Giter Site home page Giter Site logo

Comments (30)

foolip avatar foolip commented on July 28, 2024 3

With help from @gshires I've been able to locate what happens with the grammars in Chromium, the weights and URLs are passed along to the speech recognition engine. Since neither are interpreted by Chromium, this is effectively just a way to pass engine-specific configuration or options along.

As with text layout engines or WebRTC, having some controls is reasonable, and standardizing some options across speech engines might be possible.

So, at least as implemented in Chromium, grammars aren't quite what you'd expect them to be, and I would not recommend trying to use it since the behavior isn't documented and could change.

I've sent https://chromium-review.googlesource.com/c/chromium/src/+/1732790 to measure the usage of these APIs in more detail.

from speech-api.

foolip avatar foolip commented on July 28, 2024 2

@kdavis-mozilla Chromium only exposes the interfaces and passes along the grammar URL and weight as given without interpretation. Any actual effect would be in the speech engine service and that is neither open source nor documented, AFAICT. I wasn't able to find any use of grammars in httparchive that seems to have any effect in Chrome.

@compulim I'm pretty sure at this point that addFromString doesn't do anything at all in Chromium, and the source code doesn't mention JSGF anywhere.

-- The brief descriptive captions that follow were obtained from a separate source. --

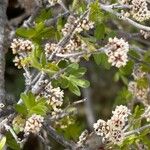 Rhus microphylla Кветка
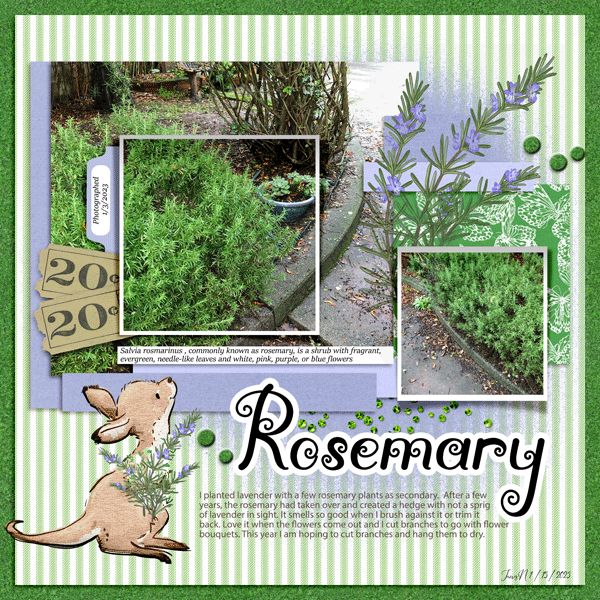 Fdd_Rosemary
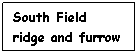Text Box: South Field ridge and furrow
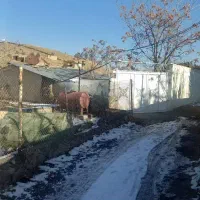 250-متر-زمین-با-100-متر-بنا-ده-ترکمن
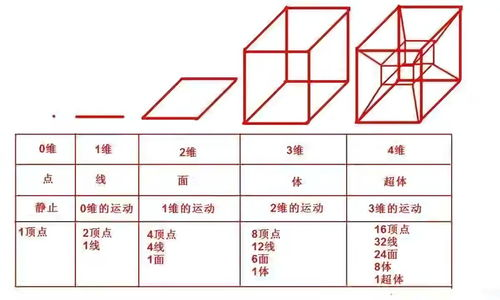 一、四号位的起源与历史演变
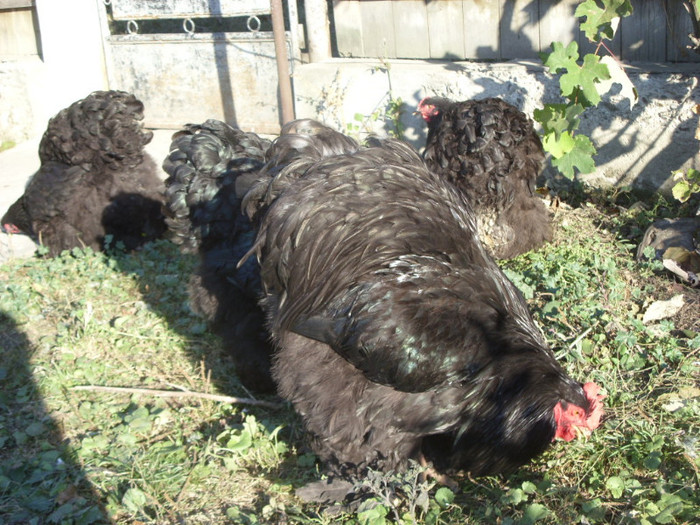 COCHINCHINA NEGRU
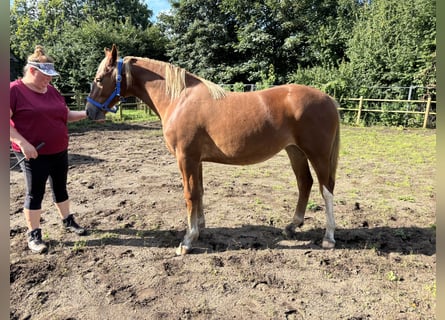 Koń fryderyksborski, Klacz, 2 lat, 160 cm, Kasztanowata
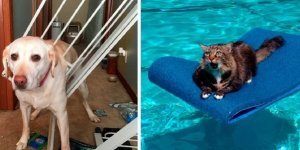 Вытащите меня немедленно! (36 фото)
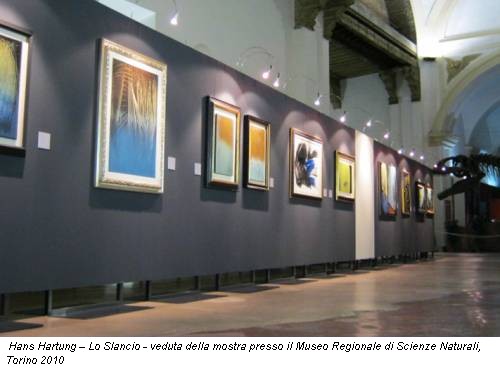 Hans Hartung – Lo Slancio - veduta della mostra presso il Museo Regionale di Scienze Naturali, Torino 2010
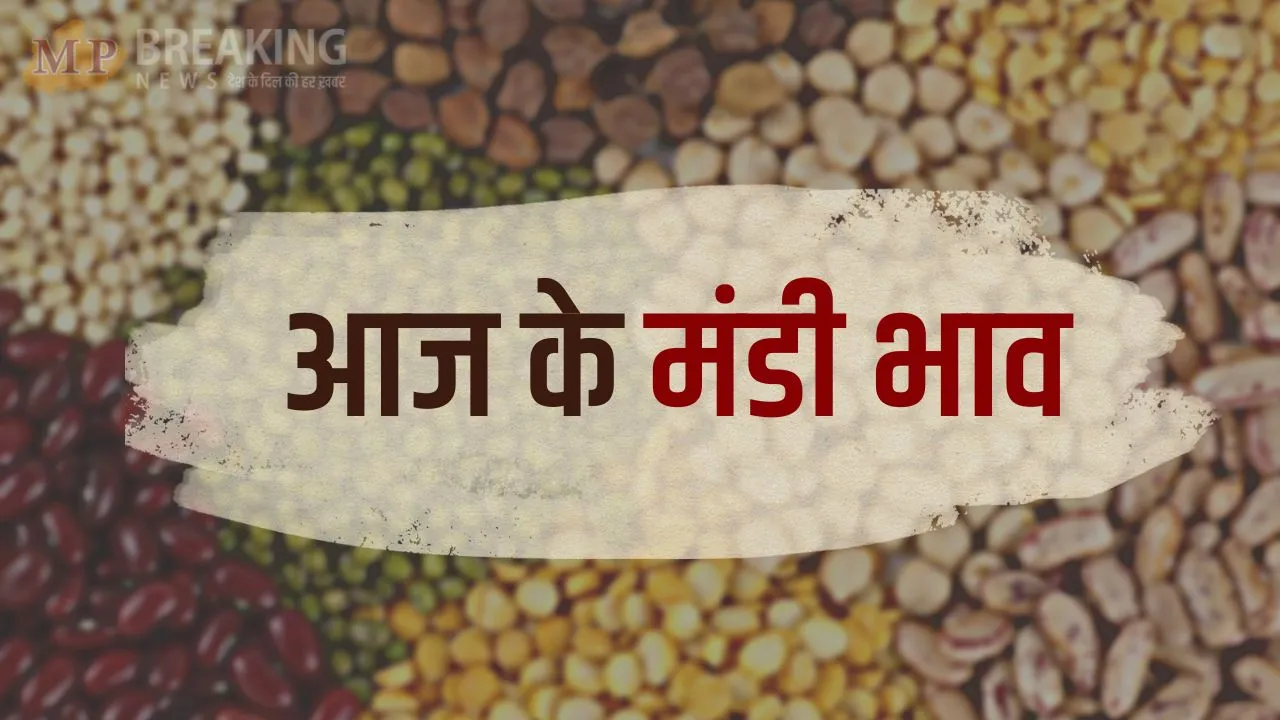 Mandi Bhav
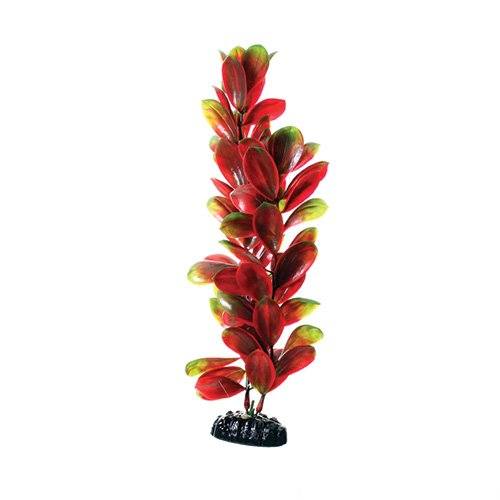 Underwater Treasures Red/Green Bacopa - 12"  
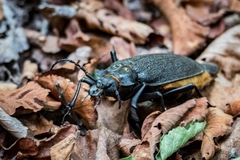 Acanthinodera cumingii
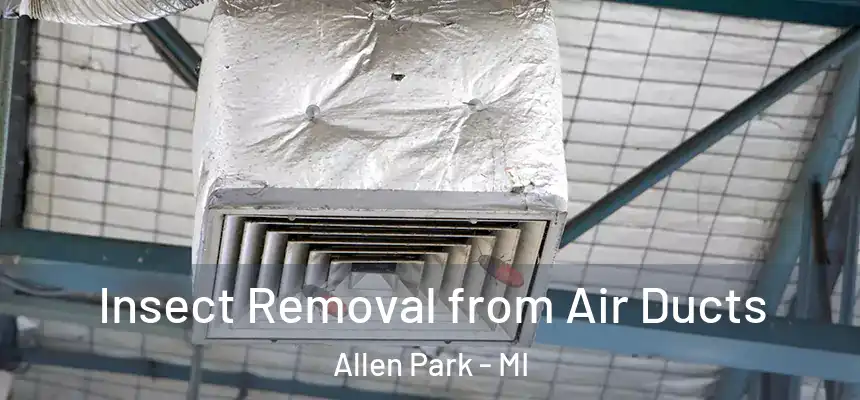 Insect Removal from Air Ducts Allen Park - MI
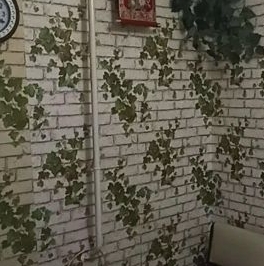 Продажа 1-комн квартиры на вторичном рынке Пикалево г., улица Горняков, 19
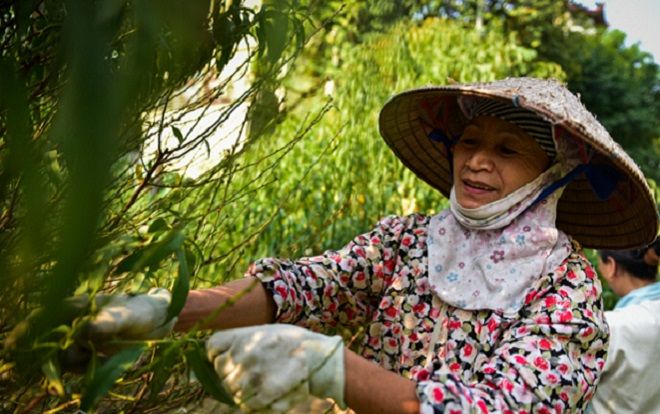 Nông dân Nhật Tân tất bật chăm đào tuốt lá đón Tết 2020
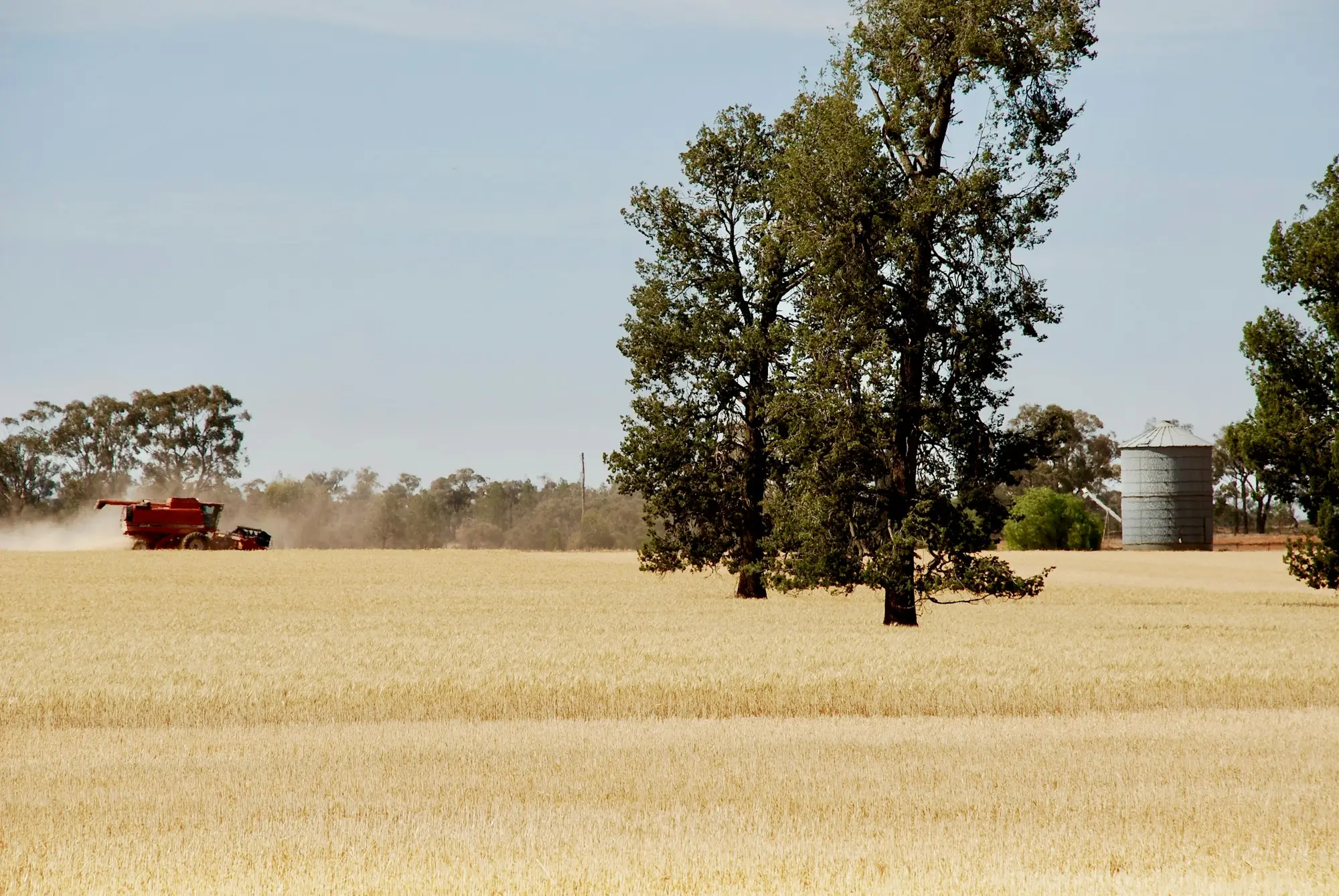 Wheat paddock with a silo and a header working in the distance on a rural Australian property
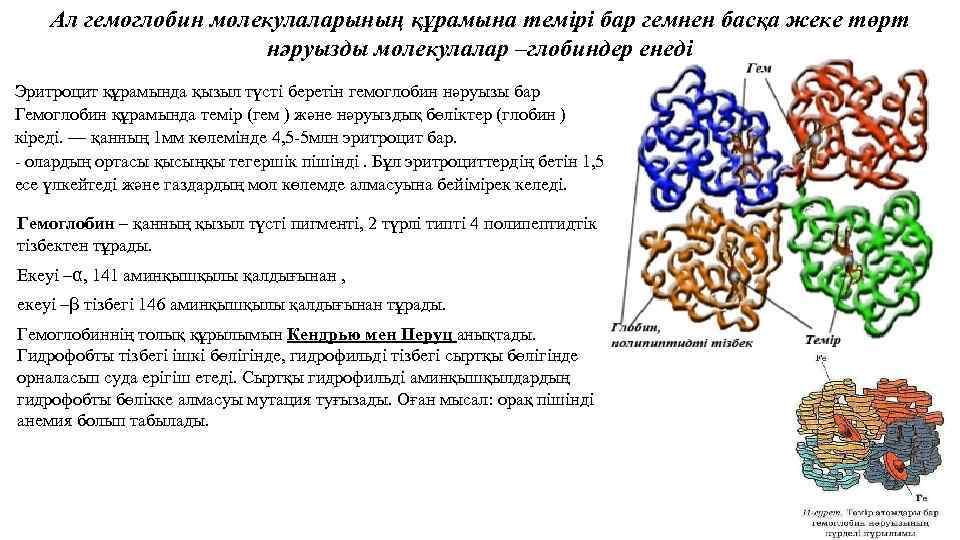 Роль гемоглобина в организме человека презентация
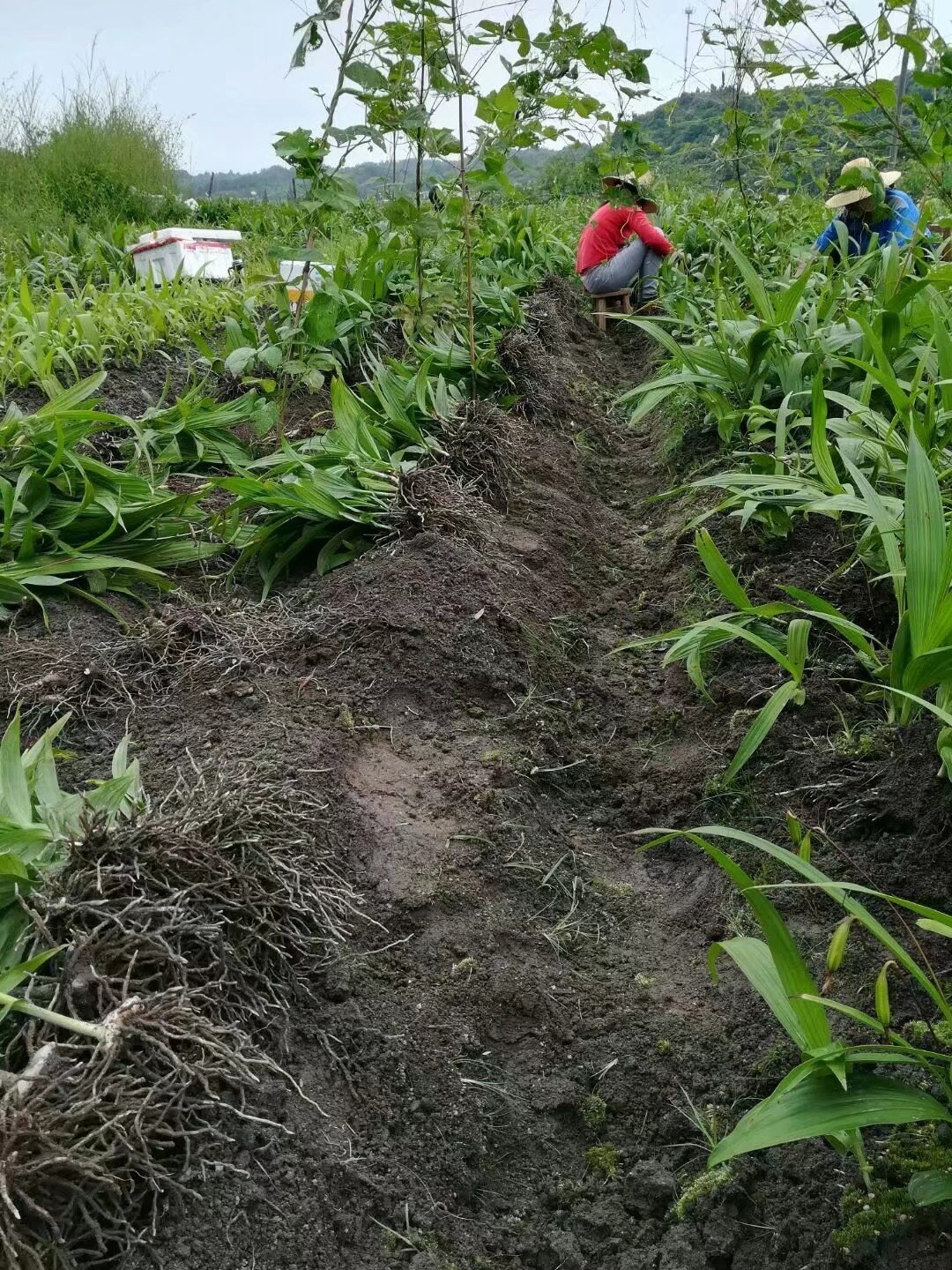 紫花白芨苗  白芨种苗，紫花白芨种苗，湖南白芨种苗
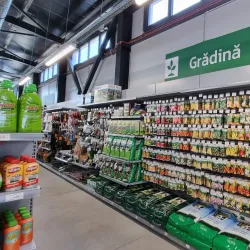 Surrounding Countryside - Bolintin-Vale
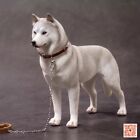 1/6 th Scale Siberian Husky Figure Model Standard Dog Doll Collectible Toy Gifts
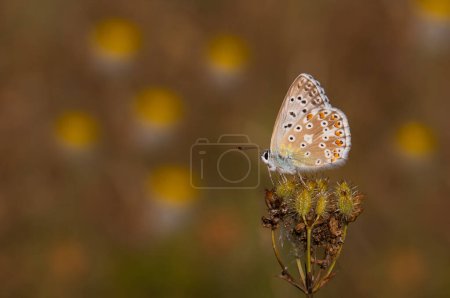 Téléchargez les photos : Papillon bleu sur herbe sèche, Chalk Hill Blue, Polyommatus coridon - en image libre de droit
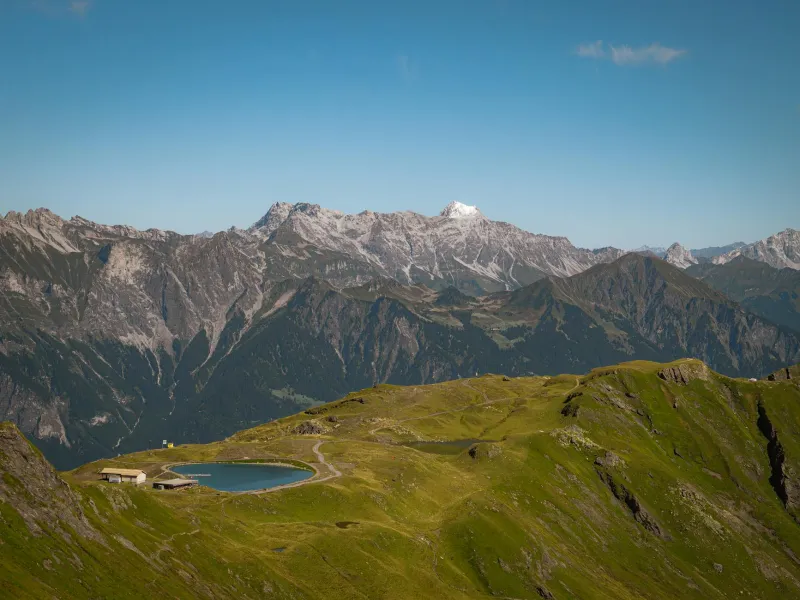 Workfare by Another Name: How the Government's 'Back to Work' Drive Is Punishing the Sick and Calling It Reform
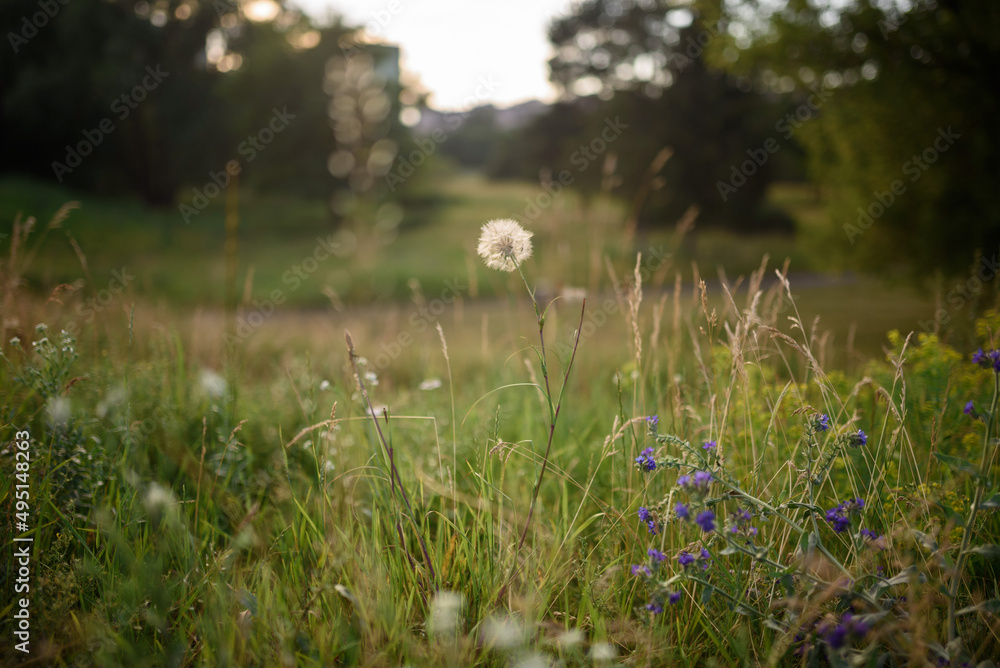 White dandelion and other flowers in the green grass
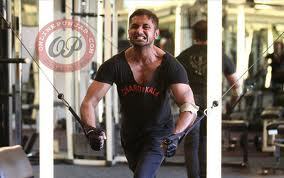 MeHoneysingh01's profile picture. 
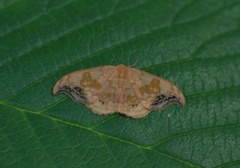 Scarce Hook-tip (Sabra harpagula)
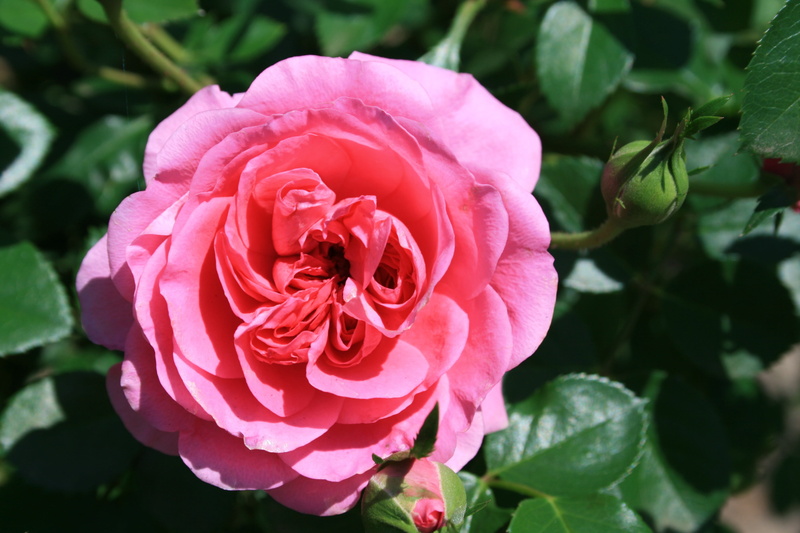 growth, flower, close-up, red, beauty in nature, inflorescence, petals, plant part, rose, english, freshness, pink color, petal, nature, leaf, no people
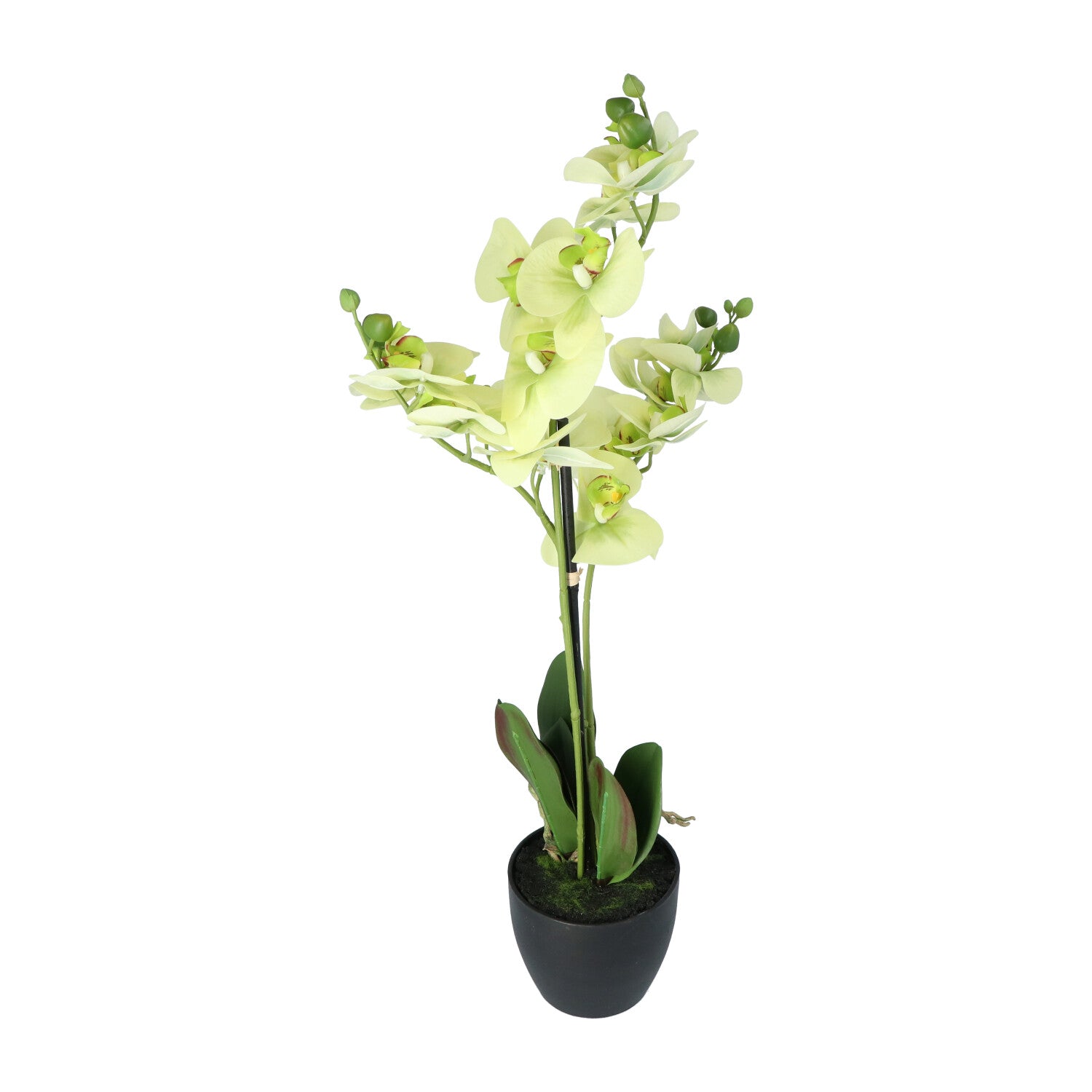 Kopu® Kunstbloem Orchidee 65 cm Groen met zwarte Schaal - Phalenopsis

What I'd like to do at this point:

  • Understand what configuration the engine is capable of via the grammar-related APIs
  • Wait for stats from new use counters to be available

I think the outcome will likely be adding other ways to configure the speech recognition, maybe more attributes. But it depends a lot on the feasibility of changing/removing the existing APIs.

from speech-api.

marcoscaceres avatar marcoscaceres commented on July 28, 2024 1

New issue for removing that would be SpeechGrammarList and associated uses would be great.

from speech-api.

foolip avatar foolip commented on July 28, 2024 1

https://bugs.chromium.org/p/chromium/issues/detail?id=680944 has some clues about what grammars are for, although it's a bug about something that doesn't work:

recognizer = new SpeechRecognition();  //standard
recognizer.continuous = false; //stops listening in a pause
recognizer.lang = "en-GB";   //"en-GB"  "el-GR"
recognizer.interimResults = true;
recognizer.maxAlternatives = 5;
var commands = ['transfer' , 'inquiry', 'statement','balance'];
var grammar = '#JSGF V1.0; grammar commands; public <command> = '
+ commands.join(' \| ') + ' ;';
var speechRecognitionList = new SpeechGrammarList();
speechRecognitionList.addFromString(grammar, 1);
recognizer.grammars = speechRecognitionList;

This example is about limiting recognition to a small set of words. A banking use case can be inferred from the set of strings in the example: 'transfer' , 'inquiry', 'statement', 'balance'.

But again, this doesn't work in Chrome.

@jlguenego I'll go ahead and rename this issue to go beyond just asking for examples, hope you don't mind.

from speech-api.

kdavis-mozilla avatar kdavis-mozilla commented on July 28, 2024 1

...maybe more attributes...

As a designer of an STT engine I'd say this is not the way to go.

The only attributes I can think of that might make sense across engines are grammars/language models with weights. Even this is very engine specific.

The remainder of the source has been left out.